### Task statement
In the data below, locate the line containing "Penilaian akhir semester matematika" and the line containing "American rock group", then retype both and everything between them exactly. Pictures are not part of the copy.

### Supplied records
((
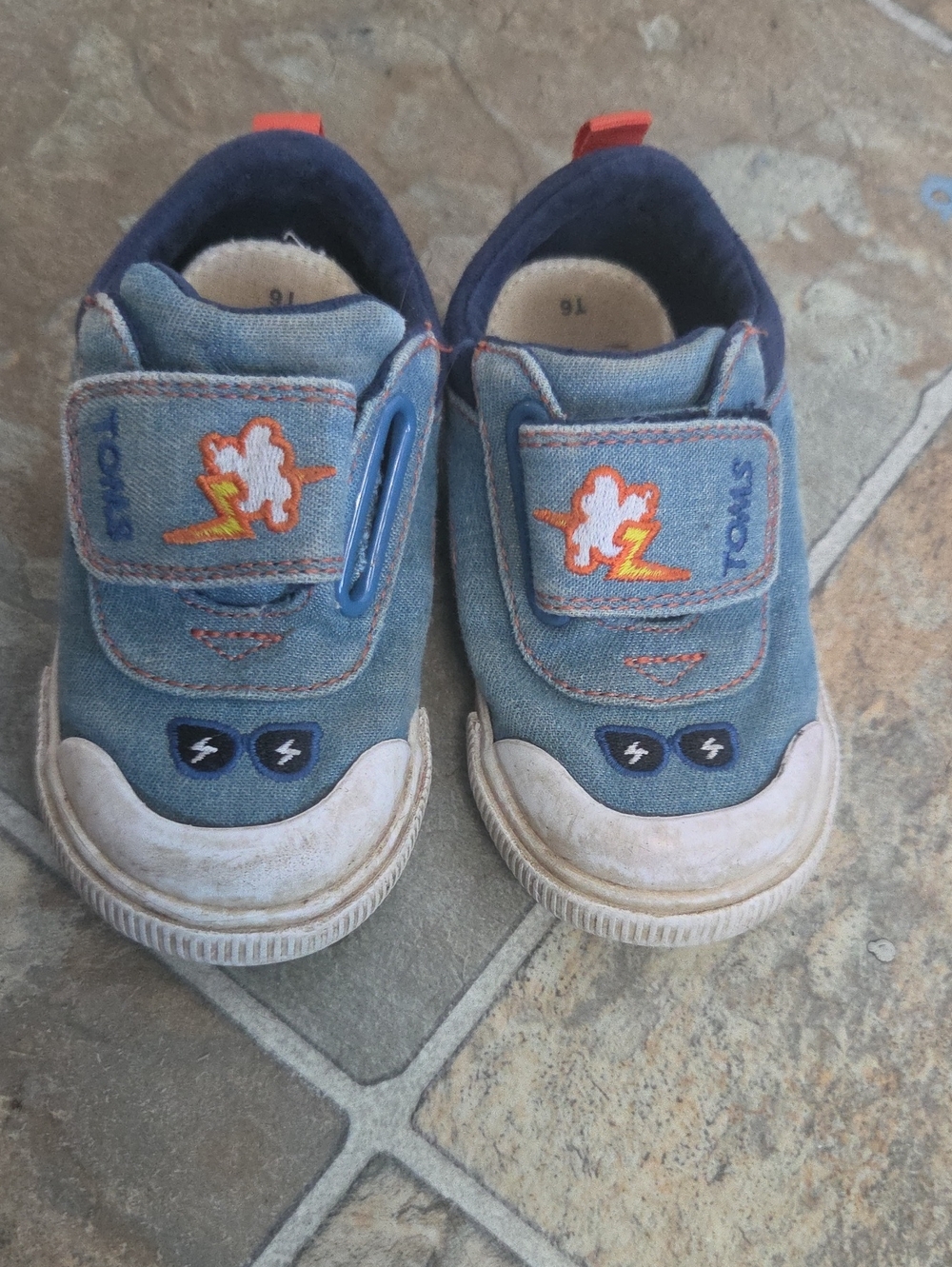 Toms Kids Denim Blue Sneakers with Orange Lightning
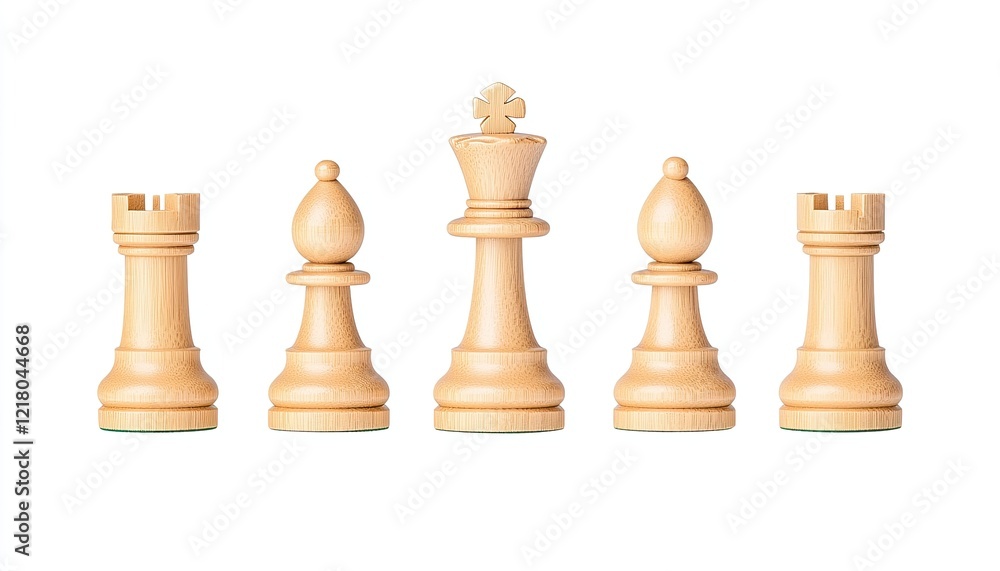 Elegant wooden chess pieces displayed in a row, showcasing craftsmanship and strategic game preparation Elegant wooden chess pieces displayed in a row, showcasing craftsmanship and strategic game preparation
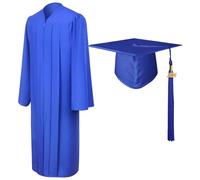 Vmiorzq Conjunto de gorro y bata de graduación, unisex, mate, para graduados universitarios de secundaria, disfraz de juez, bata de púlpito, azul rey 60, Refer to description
))
((
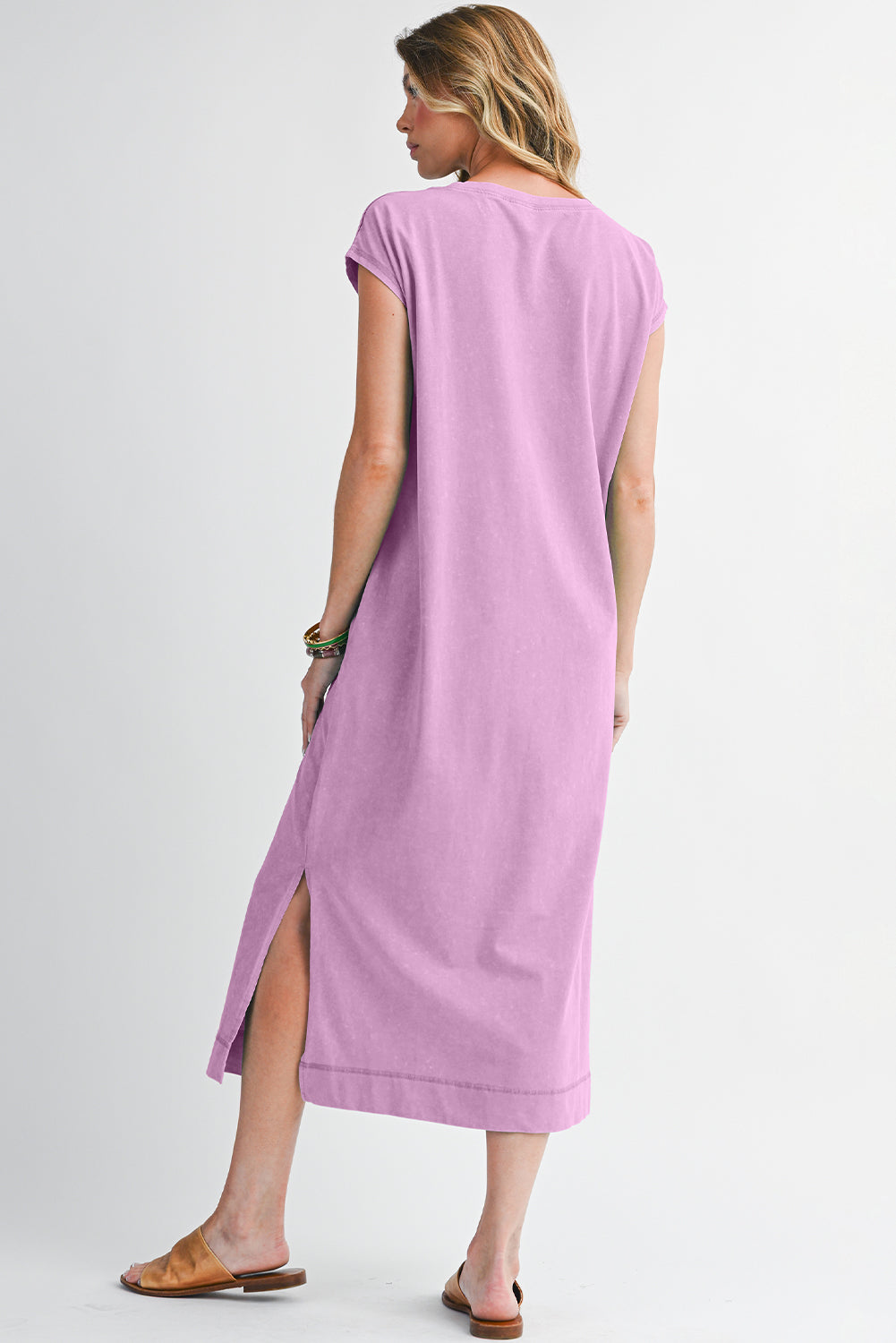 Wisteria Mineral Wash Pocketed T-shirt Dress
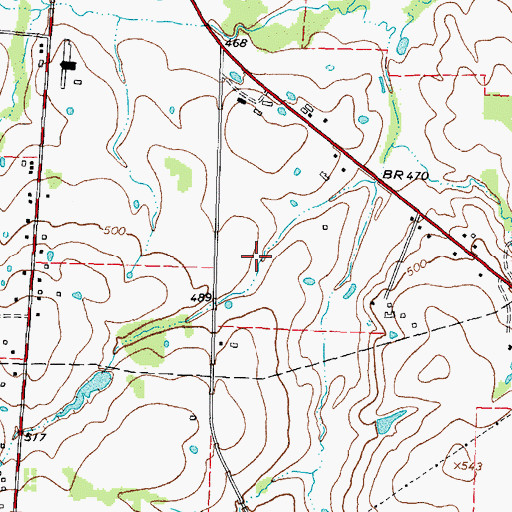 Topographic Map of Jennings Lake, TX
))
((
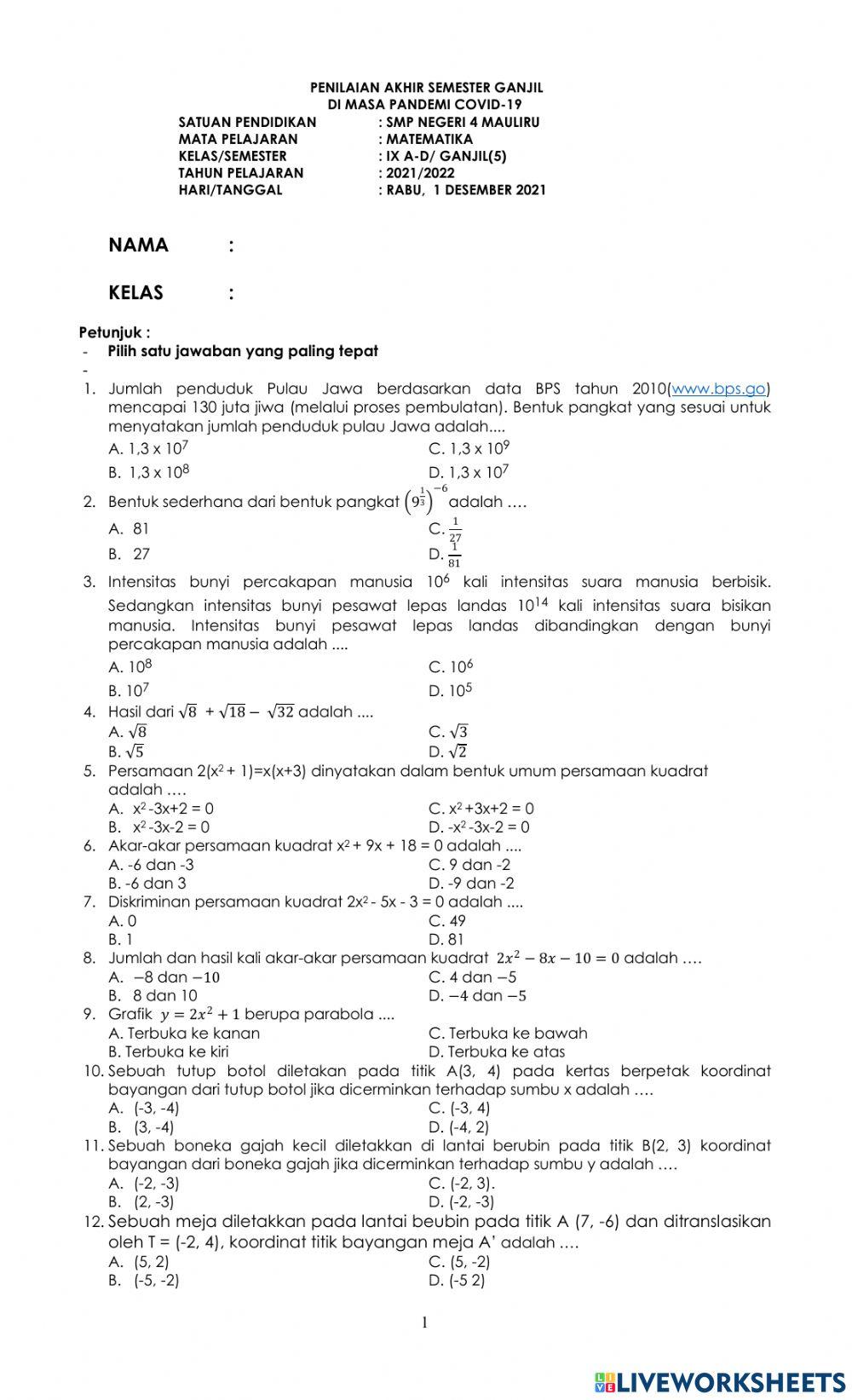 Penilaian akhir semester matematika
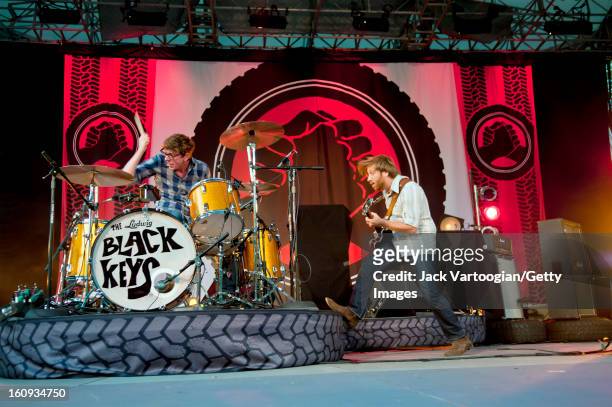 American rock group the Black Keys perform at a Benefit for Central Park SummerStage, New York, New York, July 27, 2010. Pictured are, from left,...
))
### Answer space
 Penilaian akhir semester matematika
 American rock group the Black Keys perform at a Benefit for Central Park SummerStage, New York, New York, July 27, 2010. Pictured are, from left,...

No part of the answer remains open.